Thanks for your input,
Thank you Bala,
for your interest and your feedback.
With regards to aggregates:
The need for aggregates has been already eliminated with the use of BWA (BW Accelerator), which is based on the same In-Memory Technology, which HANA is using.
That means for a BW implementations, which already use the BWA, there is no change w regards to aggregates after the migration from BW on a traditional RDBMS to the HANA data base. These customers do switch off their BWA’s after the migration.
For BW implementations without BWA, the active aggregates are no longer necessary, as the data of the InfoCubes are uploaded into the Memory of the HANA data base. These customers can de-activate all their aggregates and stop the loads and delete any aggregates.
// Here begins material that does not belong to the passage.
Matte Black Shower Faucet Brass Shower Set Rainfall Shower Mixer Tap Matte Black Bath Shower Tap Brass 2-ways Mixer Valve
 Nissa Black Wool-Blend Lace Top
Customers with BW on HANA have experienced a compression rate of at least 4-5 for their data after the migration to a HANA DB. Customers presenting at SAPPHIRE 2012 have reported factors of 6 (California Edison), 7 (Lockheed Martin) and 9 (USHA international, Japan).
With regards to layers:
With and without BWA even more, the individual customer design of the BW data model can incorporated several layers of InfoProviders for aggregation purposes. For example one layer could be a DSO with Line Item granularity, another layer a DSO with Document granularity and another layer consisting of an InfoCube with aggregated Document and Line item information using dimensions like Customer, Material etc..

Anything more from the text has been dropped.